Я успел выпить уже два стакана чая, когда приехала Сатина. Большая, плотная, без передних зубов, на лице – доброта и мягкосердие. Прием ее меня удивил: после нескольких минут неловкого молчания, она говорит: Вы хотели видеть портреты Огарёва – вот они висят на стене. Пошла, сняла и положила на стол; потом пошла в другие комнаты и еще принесла портретов. И ничего не говорит. Потом я понял, что она просто оробела. Едучи, я решился, как только приеду, первым долгом попросить поесть, но этот прием напугал меня. Пока я рассматривал портреты, пришел мой ямщик спросить, поеду ли сегодня назад. А было уже начало 9-го. Сатина предлагает не ехать ночью, а переночевать; меня же так страшила мысль сегодня же снова проехать 35 верст, ночью и в мороз (к ночи заморозило), что я, не церемонясь, сказал: с величайшим удовольствием – и объяснил, почему. Она велела накормить кучера и дать есть лошадям. Слово за слово, разговорились, и я спросил, нет ли у нее писем каких– нибудь. Она говорит: да есть, горы целые, только я никогда не разбирала их, не знаю, какие такие. – Можно мне их посмотреть? – Сделайте одолжение. Пошла и принесла охапку связок. Я развязал одну и обомлел: рука Огарёва, год 1853-й. Села и она помогать, потом поужинали – она все извинялась за ужин; тут я заметил, что она краснеет и смущается; потом еще просматривали письма до начала 2-го. Мне была приготовлена постель в угловой комнате.
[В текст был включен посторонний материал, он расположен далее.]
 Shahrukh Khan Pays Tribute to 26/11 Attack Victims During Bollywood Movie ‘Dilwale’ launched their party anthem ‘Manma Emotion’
Ей пришлось поделить Акшенское имение с вдовой своего брата. Притом, старый, огарёвский дом был уже очень ветх. И вот она выселилась на хутор три года назад и отстроила себе отличный дом в 6 просторных комнат, на солнечную сторону; вид далекий и летом, вероятно, очаровательный. Мебель она перевезла из того дома (его недавно развалили); мебель вся – еще отца и деда Огарёва, роскошная, вся красного дерева, комфортабельная, прочная – главное, старинная. Я не мог наглядеться. Даже сервиз столовый, – отца Огарёва. На стенах – старинные, превосходные гравюры – и портреты, портреты! Огарёв, поэт, двухлетним мальчишкой – божественно. Затем его же три портрета, все масляными красками, в 25–35 лет; портрет его первой жены, портреты Тучковых, Сатиных и пр., и пр. Удивительный карандашный портрет Римского-Корсакова, из семьи которого взяты типы «Горе от ума» (Софья – жена его брата).
Проснулся я в 9½ ч. Сатина встала, по своему обыкновению, в 7. Подали самовар, она наливает чай и говорит: «А я нашла связку еще более старых писем». Принесла – смотрю: Грановский, Кетчер и пр. Волновался ужасно. Без передышки разбирал письма (их в двух комодах оказалось много тысяч) до обеда, в 2 ч., и затем до ужина, в 9; в 4 еще пили чай. Она хлопотала по хозяйству, а в свободные минуты подсаживалась разбирать письма. Перед вечером, чтобы освежиться, я вышел с нею, и она обвела меня по своему хозяйству – на скотный двор и пр. У нее полторы тысячи десятин, 37 лошадей, 53 коровы и пр. – хозяйство огромное. Но оно ей не в радость: братья оставили ей столько долгов, имение чуть не трижды заложено; в 1889 году к ней до 50 раз приезжали описывать имущество. Письма со времени освобождения крестьян (тучковские и особенно сатинские) – живая иллюстрация к «Оскудению» Атавы: сначала письма и документы насчет выкупных платежей, затем заклад этих платежей, затем ужасающие счета торг. дома Бодмер (земледельч. машины), затем, без преувеличения, тысячи векселей (конца 80-х и начала 90-х годов) и закладные листы земельных банков. Сатина платит 24 %, а тетка, Огарёва, не дает ей взаймы ни копейки.